Lou et Mouf… en 10 petits plaisirs

  1. Parce que Lou est un enfant sans genre qui permet à tous les bébés de s’y identifier.
  2. Parce que Lou découvre le monde par l’expérimentation; ses parents lui laissant par ailleurs la place dont il a besoin pour découvrir, arpenter, expérimenter à sa guise.
  3. Parce qu’à l’image des petits lecteurs, Lou emmène Mouf, son doudou, partout avec lui.
  4. Parce que bébé est au cœur de l’histoire ; les parents n’apparaissent pas vraiment. Jeanne Ashbé choisit de raconter le quotidien de bébé aux bébés.
  5. Parce que le format convient parfaitement aux petites mains : entre couverture moelleuse, pages cartonnées, pages éventails qui ouvrent sur une troisième image ou les petits volets à soulever pour découvrir une surprise.

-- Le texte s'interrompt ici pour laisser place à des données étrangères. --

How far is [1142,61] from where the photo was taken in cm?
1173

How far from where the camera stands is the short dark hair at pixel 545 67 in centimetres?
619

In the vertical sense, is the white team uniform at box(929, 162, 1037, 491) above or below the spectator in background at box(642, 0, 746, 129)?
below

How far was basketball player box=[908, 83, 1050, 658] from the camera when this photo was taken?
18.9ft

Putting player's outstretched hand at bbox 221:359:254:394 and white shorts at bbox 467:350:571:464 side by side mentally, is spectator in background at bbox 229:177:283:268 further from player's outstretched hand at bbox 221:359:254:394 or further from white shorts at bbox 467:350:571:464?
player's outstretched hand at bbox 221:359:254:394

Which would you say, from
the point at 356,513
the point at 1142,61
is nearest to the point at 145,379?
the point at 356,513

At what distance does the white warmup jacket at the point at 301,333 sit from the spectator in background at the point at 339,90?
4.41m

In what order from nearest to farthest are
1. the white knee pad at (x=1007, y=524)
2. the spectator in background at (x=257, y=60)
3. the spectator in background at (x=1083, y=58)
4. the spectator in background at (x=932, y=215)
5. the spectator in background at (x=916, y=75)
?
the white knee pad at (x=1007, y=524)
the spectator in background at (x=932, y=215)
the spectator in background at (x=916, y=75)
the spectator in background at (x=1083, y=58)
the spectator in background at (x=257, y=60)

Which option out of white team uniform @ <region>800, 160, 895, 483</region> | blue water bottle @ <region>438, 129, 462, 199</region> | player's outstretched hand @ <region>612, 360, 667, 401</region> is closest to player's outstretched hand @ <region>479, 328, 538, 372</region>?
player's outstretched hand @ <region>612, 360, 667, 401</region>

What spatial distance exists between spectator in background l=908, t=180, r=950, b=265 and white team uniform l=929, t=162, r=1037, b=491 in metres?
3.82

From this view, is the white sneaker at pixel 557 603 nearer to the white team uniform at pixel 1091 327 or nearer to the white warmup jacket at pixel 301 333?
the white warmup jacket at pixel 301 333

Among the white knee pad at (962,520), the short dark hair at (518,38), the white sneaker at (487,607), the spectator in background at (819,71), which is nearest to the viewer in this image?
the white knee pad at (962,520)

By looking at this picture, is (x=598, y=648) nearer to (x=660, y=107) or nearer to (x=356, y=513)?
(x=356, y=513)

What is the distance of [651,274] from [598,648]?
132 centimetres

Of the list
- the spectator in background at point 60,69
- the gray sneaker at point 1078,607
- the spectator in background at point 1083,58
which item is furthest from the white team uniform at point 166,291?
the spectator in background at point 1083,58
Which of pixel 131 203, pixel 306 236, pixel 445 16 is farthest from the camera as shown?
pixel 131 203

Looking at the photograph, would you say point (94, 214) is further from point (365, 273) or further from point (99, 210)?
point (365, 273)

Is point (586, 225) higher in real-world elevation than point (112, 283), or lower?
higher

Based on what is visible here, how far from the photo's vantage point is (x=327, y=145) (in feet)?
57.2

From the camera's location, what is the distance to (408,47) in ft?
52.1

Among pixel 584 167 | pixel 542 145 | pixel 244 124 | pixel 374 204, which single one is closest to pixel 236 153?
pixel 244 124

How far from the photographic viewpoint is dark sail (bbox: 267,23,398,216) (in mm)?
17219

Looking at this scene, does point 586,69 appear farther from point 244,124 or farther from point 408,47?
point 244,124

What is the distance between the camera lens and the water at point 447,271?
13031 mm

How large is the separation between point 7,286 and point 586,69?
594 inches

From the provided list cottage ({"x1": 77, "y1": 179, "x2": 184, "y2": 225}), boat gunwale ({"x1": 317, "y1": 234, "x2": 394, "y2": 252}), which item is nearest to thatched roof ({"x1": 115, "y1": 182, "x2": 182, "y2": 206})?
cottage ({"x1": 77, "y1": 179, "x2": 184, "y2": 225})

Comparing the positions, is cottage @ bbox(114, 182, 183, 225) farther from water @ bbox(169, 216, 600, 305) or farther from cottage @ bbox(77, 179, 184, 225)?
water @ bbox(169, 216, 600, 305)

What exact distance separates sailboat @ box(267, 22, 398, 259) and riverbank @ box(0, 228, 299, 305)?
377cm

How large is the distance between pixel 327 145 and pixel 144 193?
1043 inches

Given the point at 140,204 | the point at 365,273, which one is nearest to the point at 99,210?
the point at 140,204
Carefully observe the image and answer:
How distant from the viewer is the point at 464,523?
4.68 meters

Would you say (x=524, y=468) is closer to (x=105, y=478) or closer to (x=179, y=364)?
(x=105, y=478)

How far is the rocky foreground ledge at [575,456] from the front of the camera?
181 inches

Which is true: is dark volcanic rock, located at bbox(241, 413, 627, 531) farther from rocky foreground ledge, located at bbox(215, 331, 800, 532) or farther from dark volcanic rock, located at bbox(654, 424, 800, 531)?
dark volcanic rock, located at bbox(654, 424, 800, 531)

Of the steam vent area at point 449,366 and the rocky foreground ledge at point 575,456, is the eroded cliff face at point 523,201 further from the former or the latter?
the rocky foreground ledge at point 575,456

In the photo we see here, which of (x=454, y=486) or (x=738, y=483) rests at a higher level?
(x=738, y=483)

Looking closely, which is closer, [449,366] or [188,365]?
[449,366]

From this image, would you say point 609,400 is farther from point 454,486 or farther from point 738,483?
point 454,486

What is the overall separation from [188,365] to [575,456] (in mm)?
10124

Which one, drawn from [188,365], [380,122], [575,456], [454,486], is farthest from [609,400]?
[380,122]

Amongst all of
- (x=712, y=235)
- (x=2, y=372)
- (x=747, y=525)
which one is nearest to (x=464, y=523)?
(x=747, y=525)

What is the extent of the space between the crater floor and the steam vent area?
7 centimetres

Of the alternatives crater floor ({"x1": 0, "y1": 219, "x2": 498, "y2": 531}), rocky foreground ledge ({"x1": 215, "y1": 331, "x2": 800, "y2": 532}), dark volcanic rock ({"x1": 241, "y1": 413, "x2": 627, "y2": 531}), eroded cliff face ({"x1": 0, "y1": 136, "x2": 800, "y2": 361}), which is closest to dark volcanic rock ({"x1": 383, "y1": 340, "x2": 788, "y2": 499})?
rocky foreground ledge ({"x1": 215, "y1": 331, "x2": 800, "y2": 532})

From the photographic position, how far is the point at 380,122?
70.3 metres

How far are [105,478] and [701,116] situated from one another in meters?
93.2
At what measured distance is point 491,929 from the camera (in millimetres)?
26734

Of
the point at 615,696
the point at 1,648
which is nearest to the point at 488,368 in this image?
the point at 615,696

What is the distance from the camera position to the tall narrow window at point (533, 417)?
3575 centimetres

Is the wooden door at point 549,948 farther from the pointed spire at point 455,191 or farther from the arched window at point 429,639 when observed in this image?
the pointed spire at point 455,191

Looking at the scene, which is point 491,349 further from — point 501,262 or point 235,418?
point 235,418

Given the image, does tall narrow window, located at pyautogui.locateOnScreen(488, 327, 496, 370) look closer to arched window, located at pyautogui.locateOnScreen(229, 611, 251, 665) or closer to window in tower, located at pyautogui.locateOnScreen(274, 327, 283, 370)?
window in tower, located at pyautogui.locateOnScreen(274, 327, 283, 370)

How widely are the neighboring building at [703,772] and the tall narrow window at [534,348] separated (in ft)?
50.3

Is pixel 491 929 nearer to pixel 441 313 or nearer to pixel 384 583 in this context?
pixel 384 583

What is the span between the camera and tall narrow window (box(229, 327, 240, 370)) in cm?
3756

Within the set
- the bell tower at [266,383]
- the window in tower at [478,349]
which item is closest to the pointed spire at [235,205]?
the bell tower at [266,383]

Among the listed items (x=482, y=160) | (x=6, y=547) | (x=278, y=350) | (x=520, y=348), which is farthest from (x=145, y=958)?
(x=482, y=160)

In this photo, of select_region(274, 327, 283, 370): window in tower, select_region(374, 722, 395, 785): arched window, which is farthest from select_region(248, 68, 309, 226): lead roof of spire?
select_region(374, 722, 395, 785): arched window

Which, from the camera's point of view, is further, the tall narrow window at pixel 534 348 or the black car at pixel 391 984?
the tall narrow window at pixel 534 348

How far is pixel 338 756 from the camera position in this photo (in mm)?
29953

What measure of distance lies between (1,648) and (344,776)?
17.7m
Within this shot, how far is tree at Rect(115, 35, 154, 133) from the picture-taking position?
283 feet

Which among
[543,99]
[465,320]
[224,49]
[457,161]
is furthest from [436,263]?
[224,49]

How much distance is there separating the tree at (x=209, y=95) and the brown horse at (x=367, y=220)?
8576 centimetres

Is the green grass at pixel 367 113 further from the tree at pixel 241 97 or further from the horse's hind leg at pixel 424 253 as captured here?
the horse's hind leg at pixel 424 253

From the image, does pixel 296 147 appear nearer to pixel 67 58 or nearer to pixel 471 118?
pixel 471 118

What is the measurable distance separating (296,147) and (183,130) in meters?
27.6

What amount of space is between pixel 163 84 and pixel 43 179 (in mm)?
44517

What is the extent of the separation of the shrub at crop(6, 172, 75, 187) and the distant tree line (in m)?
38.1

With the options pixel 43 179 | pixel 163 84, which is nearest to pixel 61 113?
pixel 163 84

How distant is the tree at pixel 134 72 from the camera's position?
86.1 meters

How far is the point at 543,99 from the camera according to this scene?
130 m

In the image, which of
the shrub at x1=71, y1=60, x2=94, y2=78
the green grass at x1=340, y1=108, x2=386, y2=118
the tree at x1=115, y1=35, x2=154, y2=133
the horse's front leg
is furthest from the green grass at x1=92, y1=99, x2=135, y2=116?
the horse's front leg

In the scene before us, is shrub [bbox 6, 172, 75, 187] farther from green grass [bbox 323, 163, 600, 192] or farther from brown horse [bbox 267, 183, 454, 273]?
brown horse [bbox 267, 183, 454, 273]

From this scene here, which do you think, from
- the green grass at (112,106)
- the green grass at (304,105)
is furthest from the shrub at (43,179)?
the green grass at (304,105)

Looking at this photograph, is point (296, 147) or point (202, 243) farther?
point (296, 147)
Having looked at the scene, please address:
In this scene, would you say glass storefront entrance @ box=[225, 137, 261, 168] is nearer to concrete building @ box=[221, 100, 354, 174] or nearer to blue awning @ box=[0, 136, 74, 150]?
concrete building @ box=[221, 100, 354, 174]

  6. Parce que le dessin est réaliste au niveau des expressions et de la physionomie du tout petit entre le visage tout rond, les fesses enveloppées dans une couche, mais aussi dans les émotions ou la gestuelle, les petites « maladresses ».
  7. Parce que Jeanne Ashbé sait se mettre dans la tête de bébé pour décrire ses émotions dans l’exploration et la découverte de son quotidien. Avec intelligence et bienveillance, elle représente la façon dont le jeune enfant s’approprie le monde qui l’entoure.
  8. Parce que le texte parle aux bébés de la même manière que l’adulte, en les interpellant par des « ah! » et des « oh! »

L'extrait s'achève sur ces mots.